As I’ve worked with struggling parents who are not only trying to manage their own internal battles with the impact of COVID-19, they are also having to carry the weight of their children’s upheaval from their daily routine and expectations.

The challenge of having to navigate your own feelings of stress while supporting a child’s reaction in a space where you do not feel you have all the answers can be unnerving.

As therapists, one of our main jobs in working with our clients is to support movement towards tolerating the uncomfortable – not necessarily changing it or taking it away. To tolerate – A gift parents can offer to themselves and to their children during these beautiful and rough moments.

So how do you even begin learning to tolerate this level of stress? Start by modeling how to cope.couple getting over an argument

Whether we realize it or not, our children our witnessing our responses. They take it all in and then also respond accordingly. Our responses inform theirs. They can learn a lot from how you respond to this level of stress.

MOVE – Sometimes all it takes is adding in movement even if nothing else changes. In the middle of a math problem meltdown, I had my daughter simply take a walk to the front door of our house. This required her to walk the length of the house and come back to the room where we were working. She sat down and figured it out. It was like magic.

Moments later I felt exasperated trying to explain what “the tens place” meant and realized it may not have been her that needed to move, but me. So I took a lap to the front door, came back and we completed the worksheet. Don’t be afraid to tell your kids to jump up and down between problems, stretch, do jumping jacks, cartwheels or tree pose. But also, do it with them. Even beyond that, find moments to move on your own in a way that feeds you and feels good – try a yoga video online, go for a walk, ride a bike, learn a new dance, etc. Moving helps lighten your mood and may make some experiences feel a bit more manageable.

Take healthy breaks during the day from crisis schooling – Crisis schooling is not meant to be the same as school, and is also by far not the same as homeschooling. Crisis schooling is stressful, you may have limited resources or limited time due to work expectations. This is a unique situation where the expectation is that you do the best you can. When things start to feel overwhelming – take a break! Do something with the intent to self soothe like: take deep breaths, watch a funny show, or read a magazine you enjoy. On the day of the math problem meltdown, later on I wondered – why didn’t I just take a longer break?
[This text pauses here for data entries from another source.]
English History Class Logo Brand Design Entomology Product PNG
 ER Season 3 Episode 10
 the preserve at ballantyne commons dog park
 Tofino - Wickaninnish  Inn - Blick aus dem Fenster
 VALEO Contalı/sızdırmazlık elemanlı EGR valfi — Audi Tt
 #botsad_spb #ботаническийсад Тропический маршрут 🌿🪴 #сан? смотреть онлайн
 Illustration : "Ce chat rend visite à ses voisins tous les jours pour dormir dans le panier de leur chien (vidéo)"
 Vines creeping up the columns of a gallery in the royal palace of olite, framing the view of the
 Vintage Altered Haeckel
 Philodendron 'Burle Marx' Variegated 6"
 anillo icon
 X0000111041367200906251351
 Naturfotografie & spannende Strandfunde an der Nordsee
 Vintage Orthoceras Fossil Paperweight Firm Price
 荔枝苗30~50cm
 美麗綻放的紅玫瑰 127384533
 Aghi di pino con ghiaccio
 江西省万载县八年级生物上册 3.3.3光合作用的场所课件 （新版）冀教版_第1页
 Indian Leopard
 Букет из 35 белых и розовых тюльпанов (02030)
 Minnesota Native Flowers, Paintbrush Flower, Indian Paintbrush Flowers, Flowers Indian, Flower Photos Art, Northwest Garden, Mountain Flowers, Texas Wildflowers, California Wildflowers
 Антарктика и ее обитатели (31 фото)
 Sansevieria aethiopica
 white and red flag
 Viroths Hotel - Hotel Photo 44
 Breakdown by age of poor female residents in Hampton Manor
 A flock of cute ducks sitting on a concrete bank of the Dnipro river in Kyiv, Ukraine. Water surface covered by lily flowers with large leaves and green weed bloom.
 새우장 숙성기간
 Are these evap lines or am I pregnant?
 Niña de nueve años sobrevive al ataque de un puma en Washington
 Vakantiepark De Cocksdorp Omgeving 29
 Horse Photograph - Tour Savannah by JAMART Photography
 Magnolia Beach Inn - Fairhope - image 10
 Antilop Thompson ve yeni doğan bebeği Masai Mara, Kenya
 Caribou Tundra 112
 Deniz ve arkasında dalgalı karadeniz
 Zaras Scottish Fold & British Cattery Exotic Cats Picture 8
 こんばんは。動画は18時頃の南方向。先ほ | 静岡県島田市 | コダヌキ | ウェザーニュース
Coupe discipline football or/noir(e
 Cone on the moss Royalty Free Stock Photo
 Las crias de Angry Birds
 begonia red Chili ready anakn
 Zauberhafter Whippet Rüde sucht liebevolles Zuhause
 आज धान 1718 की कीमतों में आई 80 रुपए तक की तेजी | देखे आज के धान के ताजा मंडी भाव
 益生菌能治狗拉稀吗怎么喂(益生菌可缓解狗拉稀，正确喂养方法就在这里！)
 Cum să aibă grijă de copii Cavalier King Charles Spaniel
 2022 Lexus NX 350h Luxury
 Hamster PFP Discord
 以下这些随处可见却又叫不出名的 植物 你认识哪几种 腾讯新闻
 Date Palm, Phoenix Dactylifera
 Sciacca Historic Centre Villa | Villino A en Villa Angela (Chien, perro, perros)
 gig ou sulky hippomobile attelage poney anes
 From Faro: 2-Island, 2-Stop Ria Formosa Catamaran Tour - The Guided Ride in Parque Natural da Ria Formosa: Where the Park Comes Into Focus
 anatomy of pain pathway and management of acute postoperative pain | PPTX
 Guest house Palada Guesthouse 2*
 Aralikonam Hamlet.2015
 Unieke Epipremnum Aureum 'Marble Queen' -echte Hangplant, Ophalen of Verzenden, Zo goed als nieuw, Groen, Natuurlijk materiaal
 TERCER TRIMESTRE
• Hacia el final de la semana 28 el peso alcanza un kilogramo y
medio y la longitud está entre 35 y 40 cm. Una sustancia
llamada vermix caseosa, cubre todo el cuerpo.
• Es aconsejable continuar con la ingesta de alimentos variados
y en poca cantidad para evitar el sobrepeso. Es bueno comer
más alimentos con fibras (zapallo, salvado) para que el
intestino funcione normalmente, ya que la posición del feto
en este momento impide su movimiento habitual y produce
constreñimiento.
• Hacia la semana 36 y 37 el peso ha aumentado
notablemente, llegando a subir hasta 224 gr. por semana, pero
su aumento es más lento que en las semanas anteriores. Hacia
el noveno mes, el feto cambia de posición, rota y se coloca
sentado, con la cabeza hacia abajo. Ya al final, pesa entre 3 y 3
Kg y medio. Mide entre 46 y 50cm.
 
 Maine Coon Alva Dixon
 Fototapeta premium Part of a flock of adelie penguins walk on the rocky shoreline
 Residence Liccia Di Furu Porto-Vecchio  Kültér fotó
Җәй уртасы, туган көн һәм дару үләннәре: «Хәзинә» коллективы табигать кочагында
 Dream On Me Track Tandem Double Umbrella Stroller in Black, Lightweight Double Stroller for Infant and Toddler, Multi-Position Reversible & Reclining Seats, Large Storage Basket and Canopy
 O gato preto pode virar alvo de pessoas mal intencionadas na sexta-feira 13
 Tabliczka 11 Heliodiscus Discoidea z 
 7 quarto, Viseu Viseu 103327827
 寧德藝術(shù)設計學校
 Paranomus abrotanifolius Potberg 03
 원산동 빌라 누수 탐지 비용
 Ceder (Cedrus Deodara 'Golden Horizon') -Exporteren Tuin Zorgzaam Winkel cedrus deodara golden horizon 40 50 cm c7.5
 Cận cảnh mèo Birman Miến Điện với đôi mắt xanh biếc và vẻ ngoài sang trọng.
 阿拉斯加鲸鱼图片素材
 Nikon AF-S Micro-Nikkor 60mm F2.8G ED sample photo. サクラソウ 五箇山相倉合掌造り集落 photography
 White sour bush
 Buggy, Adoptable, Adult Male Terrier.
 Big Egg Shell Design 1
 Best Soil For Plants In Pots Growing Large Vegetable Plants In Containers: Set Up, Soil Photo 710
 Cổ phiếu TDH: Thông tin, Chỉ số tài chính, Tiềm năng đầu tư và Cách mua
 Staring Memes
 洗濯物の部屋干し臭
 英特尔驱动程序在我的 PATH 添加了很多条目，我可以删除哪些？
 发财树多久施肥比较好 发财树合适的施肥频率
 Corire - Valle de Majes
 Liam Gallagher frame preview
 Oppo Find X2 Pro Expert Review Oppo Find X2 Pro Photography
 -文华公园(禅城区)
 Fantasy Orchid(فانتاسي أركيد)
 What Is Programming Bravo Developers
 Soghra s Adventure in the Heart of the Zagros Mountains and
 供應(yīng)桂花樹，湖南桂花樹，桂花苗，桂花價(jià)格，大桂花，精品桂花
Yes moving in the moment helped, but why didn’t I go for a bike ride or quick walk? That could have possibly helped to prevent the meltdown in the first place.

Name your emotions – Just because a feeling feels bad it does not mean it is wrong or bad. We want to teach our children that negative feelings are not bad. By being able to check in with yourself to acknowledge what you may be experiencing, it helps to externalize what is going on. Externalizing the problem can be very empowering. By naming and externalizing how you might be feeling, you can then start to evaluate why you may be feeling more irritable, or sad and make choices as to how you want to tolerate that emotion. Do you want to talk to someone else about it? Do you want to journal? Or Exercise? Or both. When you can name the emotion attached to the moment, it inherently helps to calm you down. This can be surprisingly powerful yet so simple that even Daniel Tiger teaches it to children. If you want to be let in on a big secret – that’s actually the magic behind therapy itself.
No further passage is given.